▶ What is needed:
Each line below has to be output exactly, from first to last.

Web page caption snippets
═══

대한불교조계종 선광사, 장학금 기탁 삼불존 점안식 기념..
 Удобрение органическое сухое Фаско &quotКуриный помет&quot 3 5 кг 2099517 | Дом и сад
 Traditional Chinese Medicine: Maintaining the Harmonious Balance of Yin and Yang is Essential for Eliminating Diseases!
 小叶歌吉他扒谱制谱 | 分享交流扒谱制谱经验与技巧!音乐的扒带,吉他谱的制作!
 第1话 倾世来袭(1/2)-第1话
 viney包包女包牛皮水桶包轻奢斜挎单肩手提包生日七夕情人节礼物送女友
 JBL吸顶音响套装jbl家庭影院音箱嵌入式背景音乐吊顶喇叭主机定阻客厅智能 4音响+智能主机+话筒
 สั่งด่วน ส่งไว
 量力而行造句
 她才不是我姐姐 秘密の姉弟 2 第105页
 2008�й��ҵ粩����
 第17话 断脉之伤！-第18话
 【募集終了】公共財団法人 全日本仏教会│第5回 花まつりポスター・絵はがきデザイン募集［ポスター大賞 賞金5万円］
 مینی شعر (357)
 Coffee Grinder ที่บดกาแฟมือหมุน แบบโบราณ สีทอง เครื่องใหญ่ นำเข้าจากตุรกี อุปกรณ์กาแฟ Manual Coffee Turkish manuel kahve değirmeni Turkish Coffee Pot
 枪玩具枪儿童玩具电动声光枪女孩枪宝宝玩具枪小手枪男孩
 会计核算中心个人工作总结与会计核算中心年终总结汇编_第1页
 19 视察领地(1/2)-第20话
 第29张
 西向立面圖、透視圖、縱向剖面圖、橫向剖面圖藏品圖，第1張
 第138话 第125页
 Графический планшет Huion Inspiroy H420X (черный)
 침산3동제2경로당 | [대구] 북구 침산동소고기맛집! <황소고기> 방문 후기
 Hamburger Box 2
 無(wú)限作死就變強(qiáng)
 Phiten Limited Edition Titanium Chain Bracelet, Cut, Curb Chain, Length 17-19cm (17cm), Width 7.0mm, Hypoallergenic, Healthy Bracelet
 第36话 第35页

═══

▶ Response area:
대한불교조계종 선광사, 장학금 기탁 삼불존 점안식 기념..
 Удобрение органическое сухое Фаско &quotКуриный помет&quot 3 5 кг 2099517 | Дом и сад
 Traditional Chinese Medicine: Maintaining the Harmonious Balance of Yin and Yang is Essential for Eliminating Diseases!
 小叶歌吉他扒谱制谱 | 分享交流扒谱制谱经验与技巧!音乐的扒带,吉他谱的制作!
 第1话 倾世来袭(1/2)-第1话
 viney包包女包牛皮水桶包轻奢斜挎单肩手提包生日七夕情人节礼物送女友
 JBL吸顶音响套装jbl家庭影院音箱嵌入式背景音乐吊顶喇叭主机定阻客厅智能 4音响+智能主机+话筒
 สั่งด่วน ส่งไว
 量力而行造句
 她才不是我姐姐 秘密の姉弟 2 第105页
 2008�й��ҵ粩����
 第17话 断脉之伤！-第18话
 【募集終了】公共財団法人 全日本仏教会│第5回 花まつりポスター・絵はがきデザイン募集［ポスター大賞 賞金5万円］
 مینی شعر (357)
 Coffee Grinder ที่บดกาแฟมือหมุน แบบโบราณ สีทอง เครื่องใหญ่ นำเข้าจากตุรกี อุปกรณ์กาแฟ Manual Coffee Turkish manuel kahve değirmeni Turkish Coffee Pot
 枪玩具枪儿童玩具电动声光枪女孩枪宝宝玩具枪小手枪男孩
 会计核算中心个人工作总结与会计核算中心年终总结汇编_第1页
 19 视察领地(1/2)-第20话
 第29张
 西向立面圖、透視圖、縱向剖面圖、橫向剖面圖藏品圖，第1張
 第138话 第125页
 Графический планшет Huion Inspiroy H420X (черный)
 침산3동제2경로당 | [대구] 북구 침산동소고기맛집! <황소고기> 방문 후기
 Hamburger Box 2
 無(wú)限作死就變強(qiáng)
 Phiten Limited Edition Titanium Chain Bracelet, Cut, Curb Chain, Length 17-19cm (17cm), Width 7.0mm, Hypoallergenic, Healthy Bracelet
 第36话 第35页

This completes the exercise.